Stored records
════

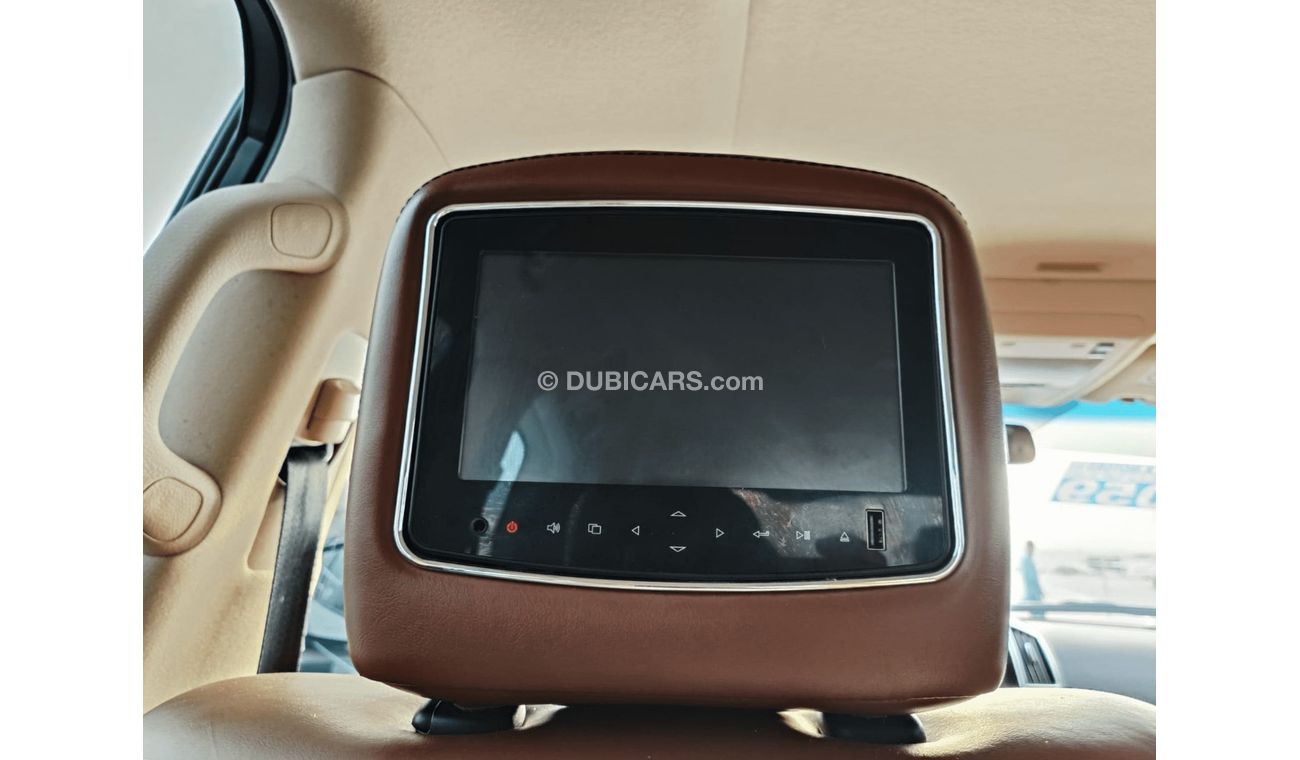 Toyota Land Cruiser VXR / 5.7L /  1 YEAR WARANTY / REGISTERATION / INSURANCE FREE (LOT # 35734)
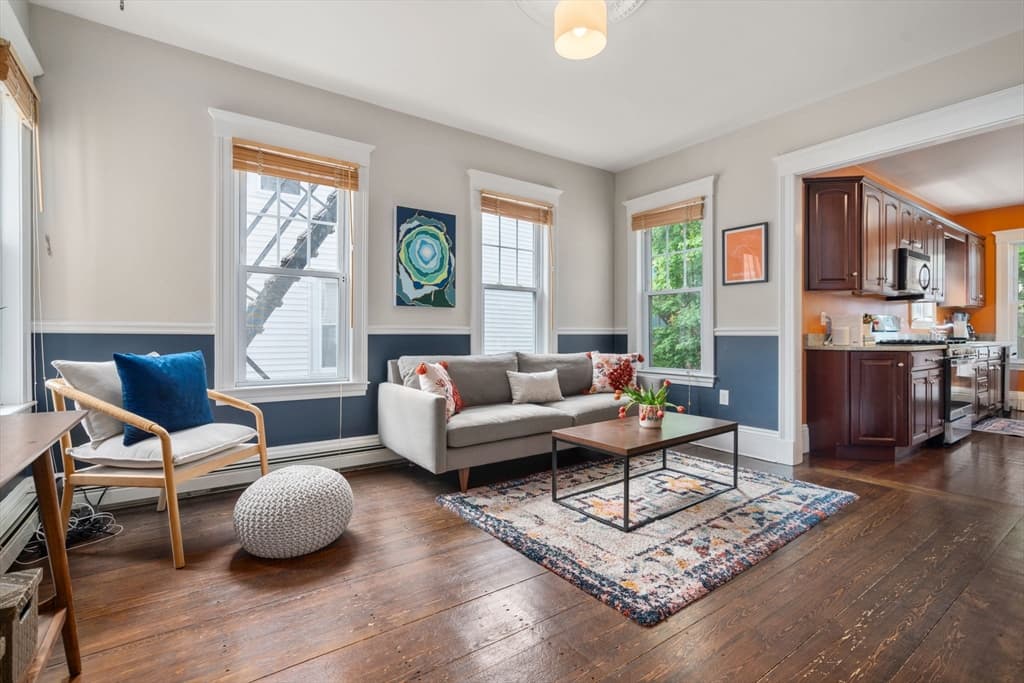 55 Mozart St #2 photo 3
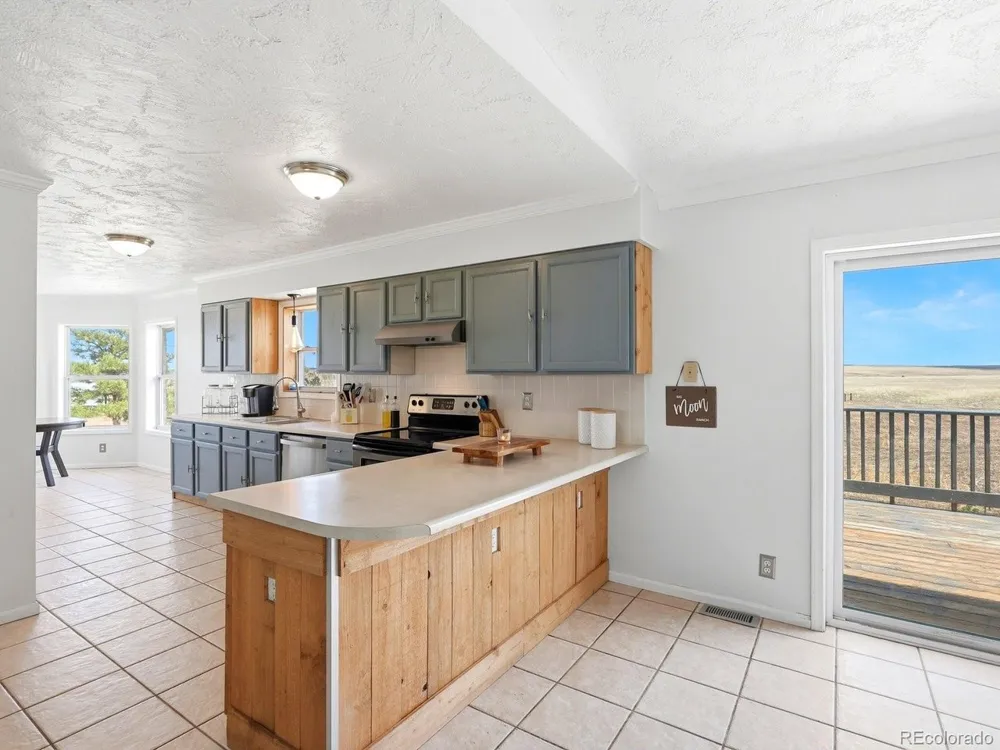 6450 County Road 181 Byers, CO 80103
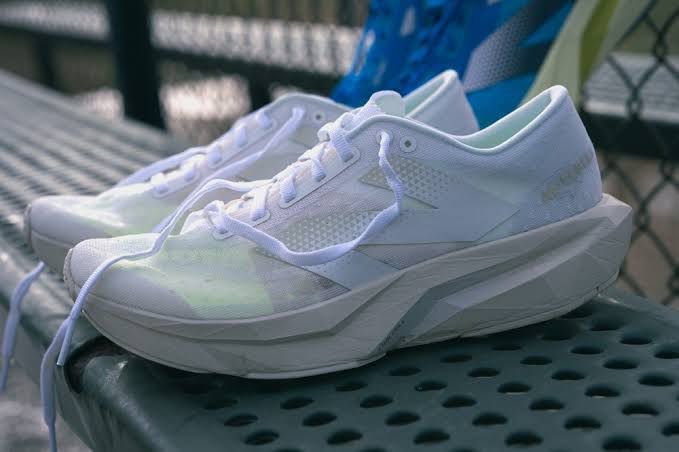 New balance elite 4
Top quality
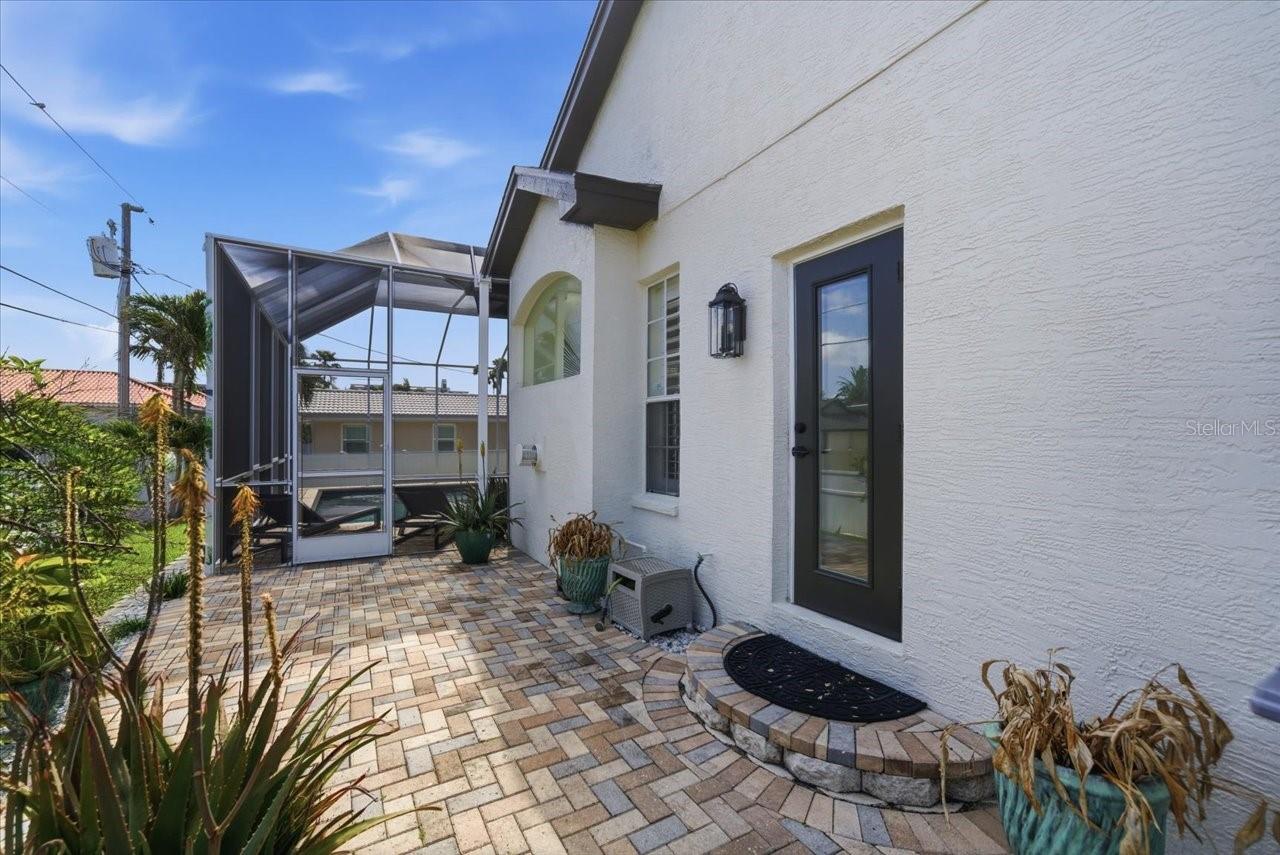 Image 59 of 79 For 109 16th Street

════

_WORK INSTRUCTION_
Exactly repeat only the lines from the one with "6450 County Road 181 Byers, CO 80103" to the closing line above, both included, and omit every picture.

_THE COMPLETED TASK_
 6450 County Road 181 Byers, CO 80103
 New balance elite 4
Top quality
 Image 59 of 79 For 109 16th Street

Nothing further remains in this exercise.